I started reading a book from the library on The Working Poor and it made me cry. I may not finish it, as it’s too depressing. The Congress should read it, although they won’t, but I know these people. This is the real America, and it’s wrong that it’s like this.
Speaking of not finishing things, I started Vampire Boys (from Netflix) which was about modern (gay) vampires in California. I gave it fifteen minutes and declared it not worth even having on in the background while I cooked. I then tried Iceman because it sounded fun- an imperial guard gets frozen in time and thawed out 400 years later to continue his quest- but it’s just a oriental martial arts movie in fancy dress. I am not that excited about cool moves. (I was more amused by an ad for some movie about Nazi Zombies, but I’m not doing well with my “looks like fun” choices lately. I did enjoy John’s Batman vs. Dracula, which was fun, and otherwise have thrown on Brother Cadfaels. Tonight I expect I will finish the Ghost of second chances, and the back to Rex Stout, and maybe some Rosemary Rowe. I have been reminded that back when I was in the depths of the Lyme disease weakness, I couldn’t even read fiction for a couple of months, and how happy I was when I could read non-fiction again.
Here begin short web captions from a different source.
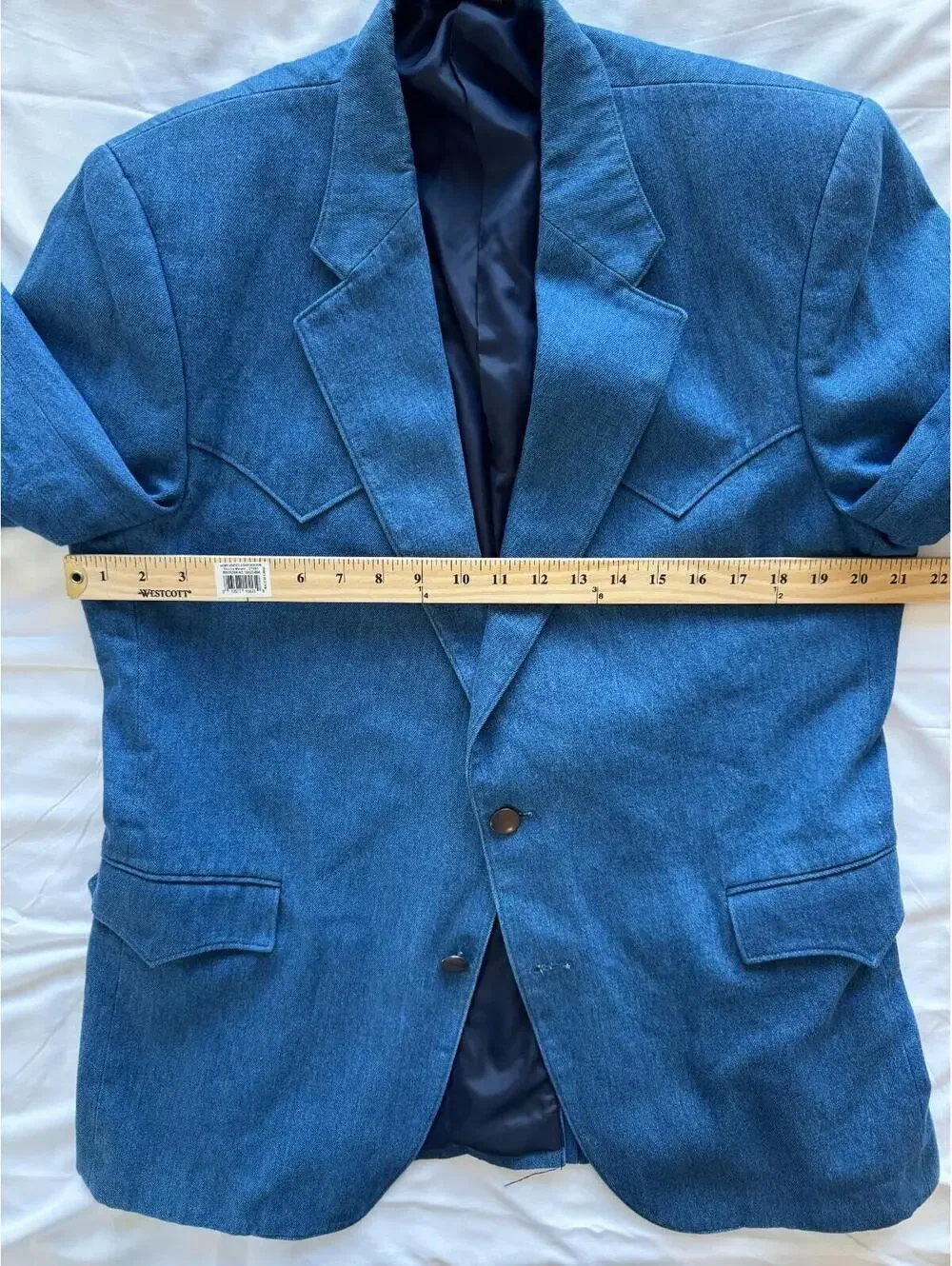Vintage Circle S Dallas Texas Denim Western Blazer Jacket Men’s 42R Blue‎ Cowboy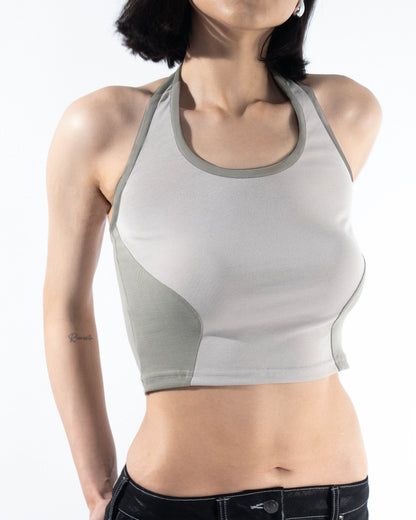 Contrast Halter Top - Grey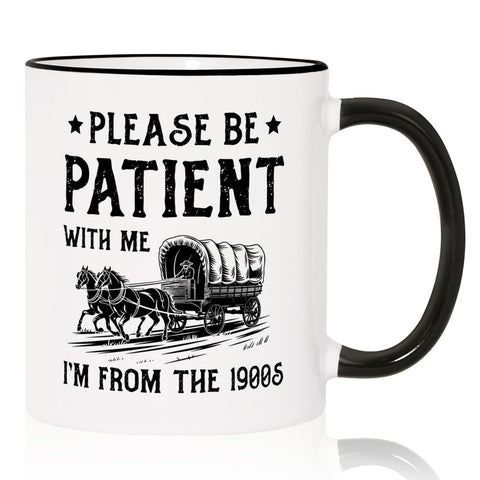 Shqiueos 1900s, frente: taza retro en blanco y negro para la nostalgia diaria.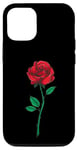 Coque pour iPhone 15 Rose rouge simple poche fleur romantique amour poche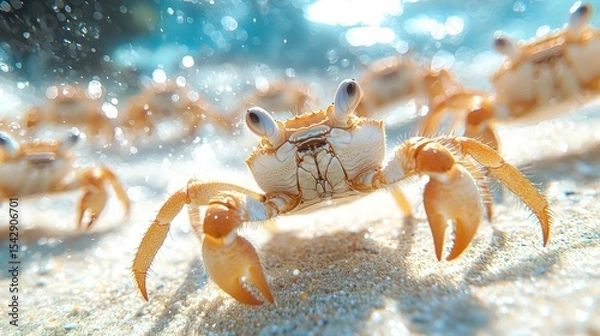 Obraz Close-up of a crab in shallow water.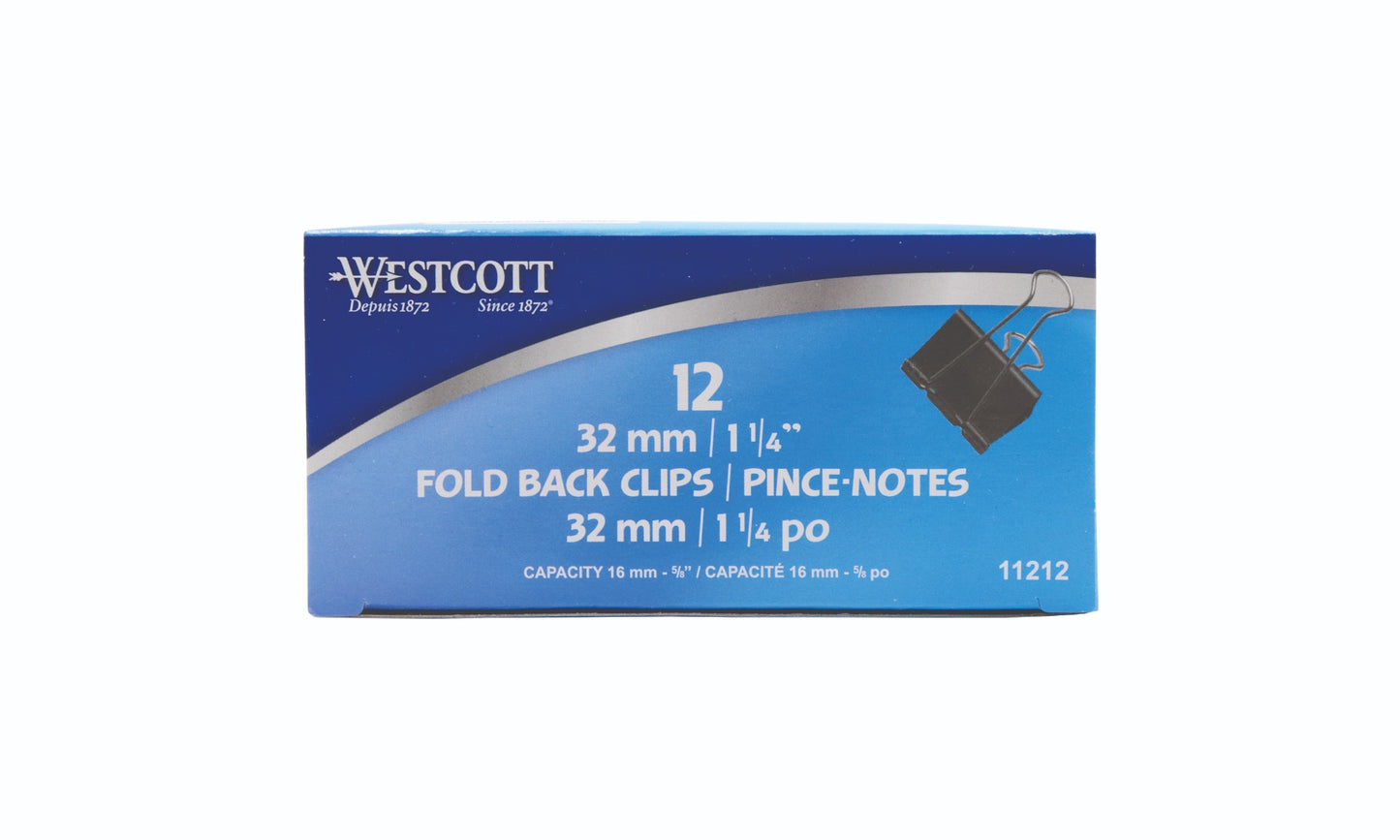 Westcott® 1-1/4" (32 mm) Black Fold Back Clips, 12/box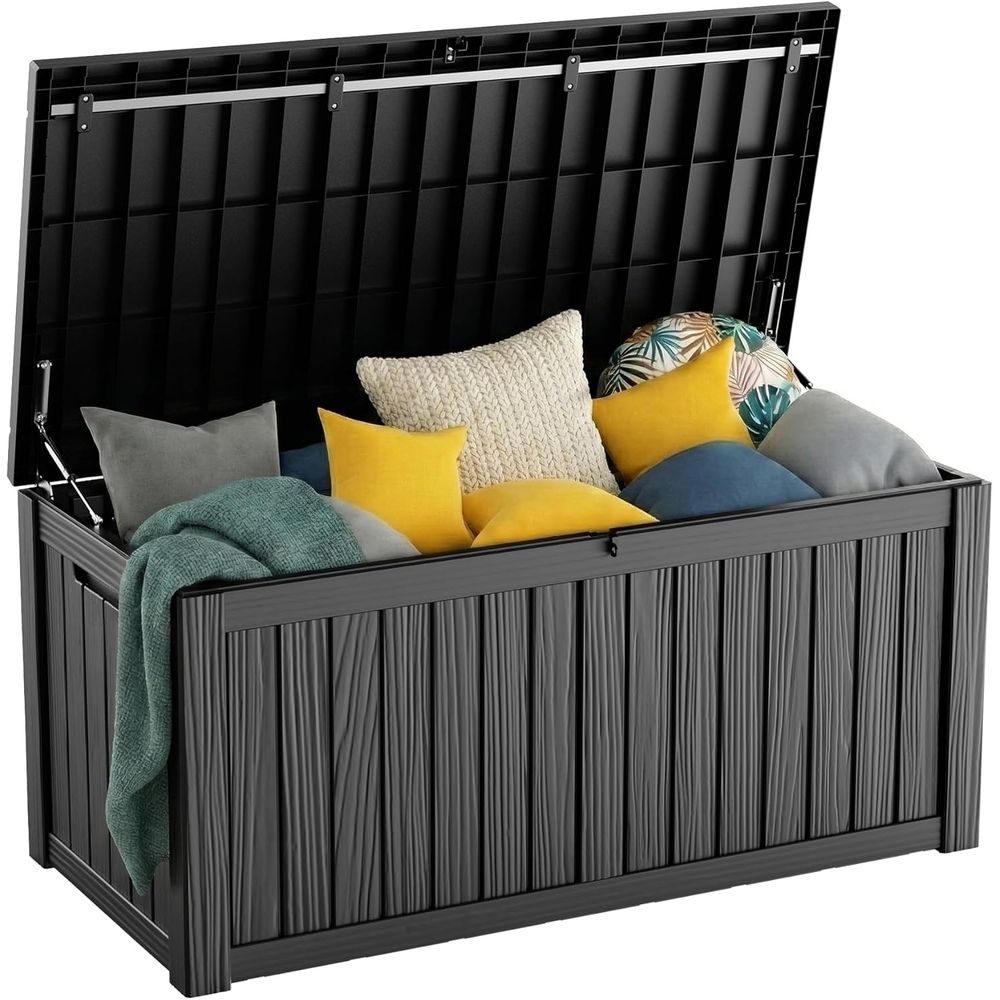 120 Gallon Lockable Outdoor St - Outdoor Furniture Black บทวิจารณ์และราคา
It’s like we have “mental muscles” that also get weak.
I’m still not up to where I expect to live, but that may be because I’m getting old. All one can do is push a bit harder, and put up with it.
Beware of any enterprise that requires new clothes.
— Henry David Thoreau
Holidays next week:
Thursday 7 Chocolate Ice Cream, VCR, Moonshine Day
Friday 8 Jelly-Filled Donut, Best Friends, Marriage, Oceans Days
Saturday 9 Knit in Public, Strawberry Rhubarb Pie, Gin, Rosé Days
Sunday 10 Black Cow, Herb & Spice, Iced Tea, Write your Father Day
Monday 11 German Chocolate Cake, Corn on the Cob, Meat Free Days
Tuesday 12 Jerky, Peanut Butter Cookie, Magic, Loving, Red Rose Day
Wednesday 13 Cupcake Lovers, Sewing Machine, Weed your Garden Day
Beware of any enterprise that requires new clothes.